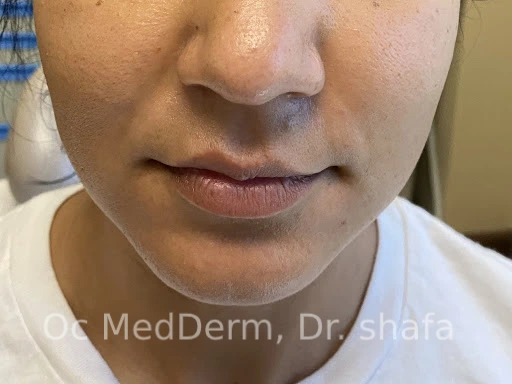 Before Lip Asymmetry With Fillers In Irvine, CA At OC MedDerm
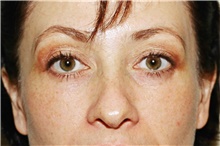 Eyelid Surgery After Photo by Steve Laverson, MD, FACS; Rancho Santa Fe, CA - Case 41005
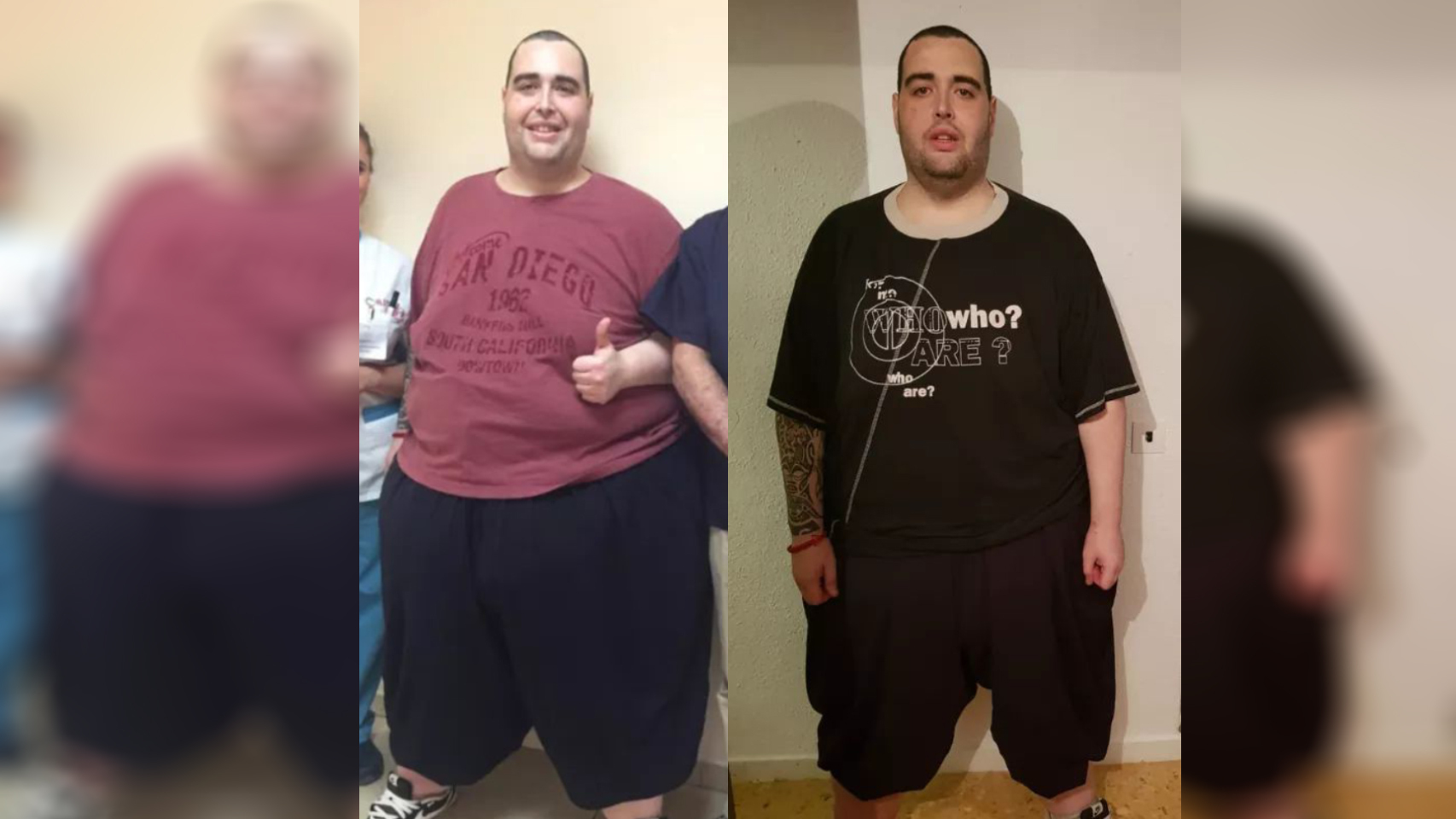 Teo antes de la operación, y en una fotografía de esta semana.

= Work required =
Transcribe the listing in full. Leave the pictures out.

= Solution to this task =
 Before Lip Asymmetry With Fillers In Irvine, CA At OC MedDerm
 Eyelid Surgery After Photo by Steve Laverson, MD, FACS; Rancho Santa Fe, CA - Case 41005
 Teo antes de la operación, y en una fotografía de esta semana.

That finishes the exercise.